İlk kitabınızdaki karakterler yalnız, kusurlu, hayatla veya toplumla sorunu olan insanlardı. Ancak genel olarak bakıldığında karakterlerin bir mücadele içinde olduğunu, bazı durumlara ses çıkardıklarını ya da karşı koyduklarını görüyorduk.

İkinci kitabınızdaysa karakterlerin artık içinde bulundukları durumu kabul ettikleri görülüyor. Peki sizce bu değişimin bir sebebi var mı? Sizin veya içinde yaşadığımız toplumun geçirdiği değişim yazdıklarınıza ne kadar etki etti?

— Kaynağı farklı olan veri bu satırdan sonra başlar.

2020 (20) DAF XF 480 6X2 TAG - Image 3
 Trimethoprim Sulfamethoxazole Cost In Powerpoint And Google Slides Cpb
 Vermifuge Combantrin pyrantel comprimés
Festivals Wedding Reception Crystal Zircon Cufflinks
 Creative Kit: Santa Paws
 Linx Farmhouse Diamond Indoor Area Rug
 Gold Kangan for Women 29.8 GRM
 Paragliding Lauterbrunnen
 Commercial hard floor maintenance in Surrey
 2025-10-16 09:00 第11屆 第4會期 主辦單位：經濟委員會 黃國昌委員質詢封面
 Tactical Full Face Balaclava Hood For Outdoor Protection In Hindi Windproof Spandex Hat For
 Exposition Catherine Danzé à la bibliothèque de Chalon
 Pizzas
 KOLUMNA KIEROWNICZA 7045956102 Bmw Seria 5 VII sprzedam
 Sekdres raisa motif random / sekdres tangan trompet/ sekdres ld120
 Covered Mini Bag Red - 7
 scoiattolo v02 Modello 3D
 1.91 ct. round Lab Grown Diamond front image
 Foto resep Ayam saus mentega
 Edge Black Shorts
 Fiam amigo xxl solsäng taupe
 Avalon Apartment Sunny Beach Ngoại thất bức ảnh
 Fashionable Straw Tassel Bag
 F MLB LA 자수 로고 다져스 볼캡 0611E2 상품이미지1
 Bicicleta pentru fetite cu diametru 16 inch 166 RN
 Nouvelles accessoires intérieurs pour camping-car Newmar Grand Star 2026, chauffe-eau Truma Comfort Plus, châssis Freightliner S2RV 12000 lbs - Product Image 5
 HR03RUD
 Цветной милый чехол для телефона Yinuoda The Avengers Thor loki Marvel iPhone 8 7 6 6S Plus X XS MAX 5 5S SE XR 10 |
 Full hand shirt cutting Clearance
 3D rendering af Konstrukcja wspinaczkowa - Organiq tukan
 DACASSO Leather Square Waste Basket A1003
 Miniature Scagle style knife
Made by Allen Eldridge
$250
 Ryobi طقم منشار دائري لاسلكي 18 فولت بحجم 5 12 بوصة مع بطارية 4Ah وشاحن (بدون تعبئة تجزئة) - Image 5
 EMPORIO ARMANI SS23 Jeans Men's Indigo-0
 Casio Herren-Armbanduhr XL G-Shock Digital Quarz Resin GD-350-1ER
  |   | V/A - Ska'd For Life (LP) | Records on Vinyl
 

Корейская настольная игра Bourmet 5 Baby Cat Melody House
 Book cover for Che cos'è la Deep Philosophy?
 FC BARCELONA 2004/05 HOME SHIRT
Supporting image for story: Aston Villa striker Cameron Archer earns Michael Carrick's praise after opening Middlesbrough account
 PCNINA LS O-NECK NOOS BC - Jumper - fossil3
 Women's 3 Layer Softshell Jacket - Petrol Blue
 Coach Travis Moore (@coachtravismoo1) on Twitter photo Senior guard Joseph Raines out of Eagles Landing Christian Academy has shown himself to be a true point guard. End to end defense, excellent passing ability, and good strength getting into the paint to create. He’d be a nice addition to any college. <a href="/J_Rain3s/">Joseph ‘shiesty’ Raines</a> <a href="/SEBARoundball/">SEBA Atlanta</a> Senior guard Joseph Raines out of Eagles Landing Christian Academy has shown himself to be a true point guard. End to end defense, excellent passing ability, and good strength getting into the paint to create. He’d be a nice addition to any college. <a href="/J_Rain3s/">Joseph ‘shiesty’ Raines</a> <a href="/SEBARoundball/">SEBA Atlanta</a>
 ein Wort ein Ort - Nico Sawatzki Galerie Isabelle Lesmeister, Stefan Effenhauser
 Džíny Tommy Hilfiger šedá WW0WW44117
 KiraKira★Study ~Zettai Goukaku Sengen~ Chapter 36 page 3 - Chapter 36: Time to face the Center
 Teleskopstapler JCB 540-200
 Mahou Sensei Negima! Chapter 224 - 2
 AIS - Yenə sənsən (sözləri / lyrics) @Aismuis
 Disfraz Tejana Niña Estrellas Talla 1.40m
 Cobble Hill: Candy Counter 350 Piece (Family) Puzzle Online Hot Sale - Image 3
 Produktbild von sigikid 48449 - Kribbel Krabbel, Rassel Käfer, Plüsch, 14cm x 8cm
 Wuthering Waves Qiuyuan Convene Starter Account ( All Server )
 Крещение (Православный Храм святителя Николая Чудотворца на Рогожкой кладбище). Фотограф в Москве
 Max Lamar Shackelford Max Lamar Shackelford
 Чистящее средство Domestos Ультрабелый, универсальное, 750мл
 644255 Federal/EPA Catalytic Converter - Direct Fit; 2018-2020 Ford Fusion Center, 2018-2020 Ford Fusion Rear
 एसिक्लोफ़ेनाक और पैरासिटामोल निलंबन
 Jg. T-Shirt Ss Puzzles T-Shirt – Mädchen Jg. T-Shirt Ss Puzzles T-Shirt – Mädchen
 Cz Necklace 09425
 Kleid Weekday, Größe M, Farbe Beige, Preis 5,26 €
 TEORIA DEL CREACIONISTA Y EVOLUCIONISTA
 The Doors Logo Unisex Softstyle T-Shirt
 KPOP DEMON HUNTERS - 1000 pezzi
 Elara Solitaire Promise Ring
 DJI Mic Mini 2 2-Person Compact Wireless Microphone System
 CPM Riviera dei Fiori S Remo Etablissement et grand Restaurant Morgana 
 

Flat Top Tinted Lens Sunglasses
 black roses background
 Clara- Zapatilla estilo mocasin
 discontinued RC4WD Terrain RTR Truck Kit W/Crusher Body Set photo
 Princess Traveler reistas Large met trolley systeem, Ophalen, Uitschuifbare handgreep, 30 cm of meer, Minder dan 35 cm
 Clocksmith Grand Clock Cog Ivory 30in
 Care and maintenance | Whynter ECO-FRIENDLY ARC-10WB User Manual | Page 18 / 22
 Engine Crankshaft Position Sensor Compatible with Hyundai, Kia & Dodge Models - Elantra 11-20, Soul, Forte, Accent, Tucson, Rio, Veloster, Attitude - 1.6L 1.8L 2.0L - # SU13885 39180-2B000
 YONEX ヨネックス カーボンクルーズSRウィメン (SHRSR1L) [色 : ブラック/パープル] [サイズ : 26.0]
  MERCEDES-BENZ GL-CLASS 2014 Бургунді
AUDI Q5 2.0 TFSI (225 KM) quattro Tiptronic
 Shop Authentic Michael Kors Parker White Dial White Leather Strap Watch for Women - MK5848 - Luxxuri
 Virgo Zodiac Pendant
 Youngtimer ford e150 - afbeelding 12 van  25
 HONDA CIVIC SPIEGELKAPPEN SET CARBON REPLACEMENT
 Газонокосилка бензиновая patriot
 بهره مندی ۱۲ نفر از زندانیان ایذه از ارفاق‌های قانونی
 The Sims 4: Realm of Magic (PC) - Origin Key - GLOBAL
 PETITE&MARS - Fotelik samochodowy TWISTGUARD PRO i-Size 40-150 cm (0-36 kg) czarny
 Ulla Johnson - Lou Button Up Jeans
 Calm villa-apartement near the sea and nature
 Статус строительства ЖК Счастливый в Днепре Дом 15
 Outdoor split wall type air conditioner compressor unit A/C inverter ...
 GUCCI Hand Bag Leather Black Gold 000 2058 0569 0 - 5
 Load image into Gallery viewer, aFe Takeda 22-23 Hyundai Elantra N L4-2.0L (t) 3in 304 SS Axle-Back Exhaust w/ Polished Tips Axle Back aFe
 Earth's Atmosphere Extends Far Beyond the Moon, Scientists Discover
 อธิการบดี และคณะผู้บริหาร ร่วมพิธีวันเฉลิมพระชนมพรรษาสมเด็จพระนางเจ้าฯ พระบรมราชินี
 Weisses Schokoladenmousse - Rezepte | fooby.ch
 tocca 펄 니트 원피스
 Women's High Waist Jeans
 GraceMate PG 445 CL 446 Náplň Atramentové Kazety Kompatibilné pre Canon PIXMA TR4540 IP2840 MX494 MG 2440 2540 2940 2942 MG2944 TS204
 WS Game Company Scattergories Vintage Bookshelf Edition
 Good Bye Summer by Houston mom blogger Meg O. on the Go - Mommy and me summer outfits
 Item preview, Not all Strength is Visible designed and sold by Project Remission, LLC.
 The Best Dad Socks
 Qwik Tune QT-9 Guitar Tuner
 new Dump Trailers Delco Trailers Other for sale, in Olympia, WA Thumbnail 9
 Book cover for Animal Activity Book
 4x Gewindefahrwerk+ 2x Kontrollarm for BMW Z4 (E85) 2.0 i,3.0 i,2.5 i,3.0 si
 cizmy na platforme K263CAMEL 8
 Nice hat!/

Kabullenmenin, vazgeçmenin, taş gibi sessiz olabilmenin de cesur bir yanı var bana sorarsanız, öncelikle onu belirteyim. Bu yönden karakterlerim kesinlikle “sinmiş, silik” kimseler değiller. Aksine çoğumuzun yapamadığı kadar, kendilerine bir dünya yaratıp orada kimseye ihtiyaç duymadan, olduklarından farklıymış gibi davranmadan yaşayabilen güçlü kişiler.

Öte yandan elbette onların da değişimi bendeki dönüşüm ve toplumsal etkiyle kol kola devam ediyor. Ben bize ayrılan sosyal medya platformlarında her konu hakkında daha çok konuşmamıza, daha çok etrafta gözüküp, herkesle yakın, dost konumunda duruyormuş gibi yapmamıza rağmen daha da yalnızlaştığımızı düşünüyorum. Kendi hayatında da son yıllarda kelime tasarrufuna gitmiş ve savaşa daha farklı bir yerden devam eden biri olarak, karakterlerimi de biraz o yola sokmak, meseleleri o taraftan okumak kaçınılmaz oldu.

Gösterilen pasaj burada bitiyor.